TASK DETAILS
For the string "Sweater", search the entries below and copy every line where it appears.

(Crawled caption data)
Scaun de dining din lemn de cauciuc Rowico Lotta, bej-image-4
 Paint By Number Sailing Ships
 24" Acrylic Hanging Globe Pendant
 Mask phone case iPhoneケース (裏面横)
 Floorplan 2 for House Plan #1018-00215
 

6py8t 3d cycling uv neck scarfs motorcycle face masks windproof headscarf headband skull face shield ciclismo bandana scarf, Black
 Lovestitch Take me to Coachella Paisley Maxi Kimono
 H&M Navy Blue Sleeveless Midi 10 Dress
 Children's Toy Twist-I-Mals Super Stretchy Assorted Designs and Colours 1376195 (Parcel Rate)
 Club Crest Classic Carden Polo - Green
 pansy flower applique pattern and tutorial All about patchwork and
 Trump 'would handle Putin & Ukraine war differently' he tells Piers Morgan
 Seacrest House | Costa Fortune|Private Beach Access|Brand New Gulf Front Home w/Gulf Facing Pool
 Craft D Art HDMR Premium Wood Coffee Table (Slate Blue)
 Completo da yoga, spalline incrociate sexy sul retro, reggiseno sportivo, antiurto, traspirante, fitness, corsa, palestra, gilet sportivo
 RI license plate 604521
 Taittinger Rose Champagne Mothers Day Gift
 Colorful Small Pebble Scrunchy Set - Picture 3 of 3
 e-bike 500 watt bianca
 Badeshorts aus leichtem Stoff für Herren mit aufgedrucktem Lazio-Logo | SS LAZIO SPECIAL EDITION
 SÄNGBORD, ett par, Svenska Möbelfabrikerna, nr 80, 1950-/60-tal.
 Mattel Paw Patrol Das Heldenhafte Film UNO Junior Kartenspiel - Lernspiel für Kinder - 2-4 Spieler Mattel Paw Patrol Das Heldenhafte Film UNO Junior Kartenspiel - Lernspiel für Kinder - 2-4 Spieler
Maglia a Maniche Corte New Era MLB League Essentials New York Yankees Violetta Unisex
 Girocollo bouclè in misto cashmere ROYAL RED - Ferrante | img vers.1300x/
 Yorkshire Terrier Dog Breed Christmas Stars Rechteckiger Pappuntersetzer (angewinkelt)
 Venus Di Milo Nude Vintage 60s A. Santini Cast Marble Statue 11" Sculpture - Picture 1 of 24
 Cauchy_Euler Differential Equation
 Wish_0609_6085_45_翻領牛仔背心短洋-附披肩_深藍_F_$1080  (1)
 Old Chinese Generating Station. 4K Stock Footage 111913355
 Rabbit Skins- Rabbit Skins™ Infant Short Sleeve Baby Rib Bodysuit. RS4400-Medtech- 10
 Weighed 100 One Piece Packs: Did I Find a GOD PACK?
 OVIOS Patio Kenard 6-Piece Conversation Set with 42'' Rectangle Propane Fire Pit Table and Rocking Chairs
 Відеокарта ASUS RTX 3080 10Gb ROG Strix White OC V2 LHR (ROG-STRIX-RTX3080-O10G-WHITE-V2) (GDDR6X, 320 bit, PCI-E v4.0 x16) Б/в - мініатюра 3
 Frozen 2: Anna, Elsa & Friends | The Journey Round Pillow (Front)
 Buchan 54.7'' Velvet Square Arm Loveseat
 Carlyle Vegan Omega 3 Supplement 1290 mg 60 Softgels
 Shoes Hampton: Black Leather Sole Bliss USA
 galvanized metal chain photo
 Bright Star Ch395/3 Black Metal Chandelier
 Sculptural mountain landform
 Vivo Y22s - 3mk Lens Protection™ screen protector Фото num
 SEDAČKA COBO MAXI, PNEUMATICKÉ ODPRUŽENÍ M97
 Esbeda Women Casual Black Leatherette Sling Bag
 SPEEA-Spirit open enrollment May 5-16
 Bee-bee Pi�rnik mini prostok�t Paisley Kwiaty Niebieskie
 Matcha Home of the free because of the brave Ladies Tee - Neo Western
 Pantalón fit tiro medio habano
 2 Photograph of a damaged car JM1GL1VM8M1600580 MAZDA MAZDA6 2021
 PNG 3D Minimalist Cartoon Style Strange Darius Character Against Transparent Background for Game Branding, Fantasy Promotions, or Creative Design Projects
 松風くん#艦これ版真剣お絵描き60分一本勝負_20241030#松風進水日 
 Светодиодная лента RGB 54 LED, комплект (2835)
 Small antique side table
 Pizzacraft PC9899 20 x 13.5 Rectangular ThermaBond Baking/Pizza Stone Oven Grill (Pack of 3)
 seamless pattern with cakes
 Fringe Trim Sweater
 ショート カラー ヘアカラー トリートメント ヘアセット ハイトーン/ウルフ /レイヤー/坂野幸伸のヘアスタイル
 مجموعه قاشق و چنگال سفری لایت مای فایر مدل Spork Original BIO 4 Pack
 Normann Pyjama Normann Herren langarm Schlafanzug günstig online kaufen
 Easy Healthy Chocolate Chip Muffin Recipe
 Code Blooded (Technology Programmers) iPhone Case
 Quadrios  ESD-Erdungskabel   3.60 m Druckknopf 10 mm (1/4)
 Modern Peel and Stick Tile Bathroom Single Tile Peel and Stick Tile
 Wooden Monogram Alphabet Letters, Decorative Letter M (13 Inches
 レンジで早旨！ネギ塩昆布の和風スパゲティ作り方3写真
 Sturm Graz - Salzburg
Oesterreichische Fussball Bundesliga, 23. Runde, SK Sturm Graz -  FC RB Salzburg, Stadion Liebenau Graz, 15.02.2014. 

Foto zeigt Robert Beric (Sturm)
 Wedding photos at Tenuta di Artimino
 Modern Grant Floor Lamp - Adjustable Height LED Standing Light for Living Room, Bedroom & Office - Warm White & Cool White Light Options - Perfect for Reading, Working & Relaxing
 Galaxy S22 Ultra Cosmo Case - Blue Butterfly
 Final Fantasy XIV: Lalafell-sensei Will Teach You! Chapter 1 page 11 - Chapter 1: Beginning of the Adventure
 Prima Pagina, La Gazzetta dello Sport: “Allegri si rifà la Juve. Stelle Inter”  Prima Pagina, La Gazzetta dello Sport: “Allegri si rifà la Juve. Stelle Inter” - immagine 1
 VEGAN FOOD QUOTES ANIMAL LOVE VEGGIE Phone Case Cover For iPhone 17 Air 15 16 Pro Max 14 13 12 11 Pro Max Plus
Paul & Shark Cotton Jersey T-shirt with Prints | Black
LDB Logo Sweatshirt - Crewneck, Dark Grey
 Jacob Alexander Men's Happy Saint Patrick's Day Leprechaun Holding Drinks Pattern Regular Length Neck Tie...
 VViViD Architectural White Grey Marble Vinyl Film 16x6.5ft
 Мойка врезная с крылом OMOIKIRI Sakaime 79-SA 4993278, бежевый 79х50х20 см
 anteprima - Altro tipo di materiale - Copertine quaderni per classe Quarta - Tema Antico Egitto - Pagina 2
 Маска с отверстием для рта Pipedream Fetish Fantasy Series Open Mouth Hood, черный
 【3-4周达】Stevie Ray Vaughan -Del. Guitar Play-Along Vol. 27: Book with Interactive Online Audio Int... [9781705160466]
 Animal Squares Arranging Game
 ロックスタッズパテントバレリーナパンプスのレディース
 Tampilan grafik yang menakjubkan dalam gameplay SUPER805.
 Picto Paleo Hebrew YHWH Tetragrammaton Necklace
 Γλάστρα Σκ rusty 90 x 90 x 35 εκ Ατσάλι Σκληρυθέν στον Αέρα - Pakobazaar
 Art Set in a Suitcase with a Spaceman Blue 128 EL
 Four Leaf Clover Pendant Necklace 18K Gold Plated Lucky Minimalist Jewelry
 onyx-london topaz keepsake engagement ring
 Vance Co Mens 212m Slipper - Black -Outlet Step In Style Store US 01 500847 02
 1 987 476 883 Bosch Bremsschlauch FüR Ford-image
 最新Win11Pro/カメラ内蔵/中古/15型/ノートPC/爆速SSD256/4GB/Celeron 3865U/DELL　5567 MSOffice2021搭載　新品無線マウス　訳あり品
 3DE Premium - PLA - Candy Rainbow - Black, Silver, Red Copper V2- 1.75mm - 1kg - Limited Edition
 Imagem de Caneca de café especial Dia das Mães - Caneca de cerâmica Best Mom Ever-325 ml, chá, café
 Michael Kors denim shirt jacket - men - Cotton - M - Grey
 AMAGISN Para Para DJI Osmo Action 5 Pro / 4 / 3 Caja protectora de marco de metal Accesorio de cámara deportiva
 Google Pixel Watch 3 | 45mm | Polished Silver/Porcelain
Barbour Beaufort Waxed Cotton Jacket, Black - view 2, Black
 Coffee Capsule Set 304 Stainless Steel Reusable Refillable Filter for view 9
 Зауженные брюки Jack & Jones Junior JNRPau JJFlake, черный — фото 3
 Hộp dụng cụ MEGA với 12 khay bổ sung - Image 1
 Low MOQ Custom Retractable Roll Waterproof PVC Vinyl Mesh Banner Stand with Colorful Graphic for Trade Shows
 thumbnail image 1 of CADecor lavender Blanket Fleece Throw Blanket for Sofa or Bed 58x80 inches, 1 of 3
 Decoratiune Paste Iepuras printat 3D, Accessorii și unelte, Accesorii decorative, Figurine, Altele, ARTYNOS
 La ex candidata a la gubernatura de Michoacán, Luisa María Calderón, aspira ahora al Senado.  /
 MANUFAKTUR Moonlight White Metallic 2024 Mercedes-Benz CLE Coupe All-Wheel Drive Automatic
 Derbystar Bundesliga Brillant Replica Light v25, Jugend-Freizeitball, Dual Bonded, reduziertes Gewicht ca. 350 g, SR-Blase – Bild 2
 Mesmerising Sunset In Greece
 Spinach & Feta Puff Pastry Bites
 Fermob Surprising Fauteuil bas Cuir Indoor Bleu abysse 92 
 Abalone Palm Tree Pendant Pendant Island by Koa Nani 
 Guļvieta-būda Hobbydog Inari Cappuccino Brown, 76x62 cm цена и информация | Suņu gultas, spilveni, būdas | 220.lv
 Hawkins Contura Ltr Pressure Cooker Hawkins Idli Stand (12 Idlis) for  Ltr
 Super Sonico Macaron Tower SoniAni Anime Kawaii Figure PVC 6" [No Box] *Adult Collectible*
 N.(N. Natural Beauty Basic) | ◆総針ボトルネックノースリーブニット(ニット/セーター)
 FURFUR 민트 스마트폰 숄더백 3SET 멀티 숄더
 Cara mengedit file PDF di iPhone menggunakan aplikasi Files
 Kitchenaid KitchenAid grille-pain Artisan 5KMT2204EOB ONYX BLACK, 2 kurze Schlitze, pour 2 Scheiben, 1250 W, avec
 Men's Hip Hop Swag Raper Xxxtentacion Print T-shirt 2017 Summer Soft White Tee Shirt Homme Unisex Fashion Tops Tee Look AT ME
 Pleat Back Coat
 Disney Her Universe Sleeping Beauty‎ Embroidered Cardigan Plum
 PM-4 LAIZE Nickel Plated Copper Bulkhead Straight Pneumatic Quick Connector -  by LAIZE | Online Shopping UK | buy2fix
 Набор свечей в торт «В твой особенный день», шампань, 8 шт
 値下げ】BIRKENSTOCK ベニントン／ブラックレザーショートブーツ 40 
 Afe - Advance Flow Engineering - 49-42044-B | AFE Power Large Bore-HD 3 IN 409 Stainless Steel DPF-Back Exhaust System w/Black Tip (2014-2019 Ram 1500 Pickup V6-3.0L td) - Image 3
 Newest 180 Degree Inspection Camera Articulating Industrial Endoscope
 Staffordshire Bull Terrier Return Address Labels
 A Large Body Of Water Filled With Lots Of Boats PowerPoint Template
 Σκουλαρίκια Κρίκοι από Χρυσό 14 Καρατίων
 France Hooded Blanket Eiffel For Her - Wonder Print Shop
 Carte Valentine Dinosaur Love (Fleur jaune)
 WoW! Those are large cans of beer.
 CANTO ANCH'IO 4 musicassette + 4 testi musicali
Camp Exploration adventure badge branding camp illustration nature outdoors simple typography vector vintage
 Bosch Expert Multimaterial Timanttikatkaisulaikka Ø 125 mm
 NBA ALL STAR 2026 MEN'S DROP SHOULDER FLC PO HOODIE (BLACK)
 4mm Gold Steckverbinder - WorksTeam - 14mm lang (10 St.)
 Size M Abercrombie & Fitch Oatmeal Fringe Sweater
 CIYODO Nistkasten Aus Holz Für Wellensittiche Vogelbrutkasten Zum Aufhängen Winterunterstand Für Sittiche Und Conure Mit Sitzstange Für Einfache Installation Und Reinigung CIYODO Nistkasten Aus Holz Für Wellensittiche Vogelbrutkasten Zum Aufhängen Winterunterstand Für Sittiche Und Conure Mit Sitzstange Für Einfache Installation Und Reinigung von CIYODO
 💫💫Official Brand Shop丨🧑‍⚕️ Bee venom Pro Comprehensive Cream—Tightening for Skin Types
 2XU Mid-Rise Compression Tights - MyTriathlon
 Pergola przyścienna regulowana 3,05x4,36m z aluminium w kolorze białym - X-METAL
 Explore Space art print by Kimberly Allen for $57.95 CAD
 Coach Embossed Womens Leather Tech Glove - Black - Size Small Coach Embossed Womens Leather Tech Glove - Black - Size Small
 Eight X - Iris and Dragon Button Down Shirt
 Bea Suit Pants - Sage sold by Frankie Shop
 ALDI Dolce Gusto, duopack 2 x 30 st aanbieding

RESULT FOR THIS EXERCISE
 Fringe Trim Sweater
 Size M Abercrombie & Fitch Oatmeal Fringe Sweater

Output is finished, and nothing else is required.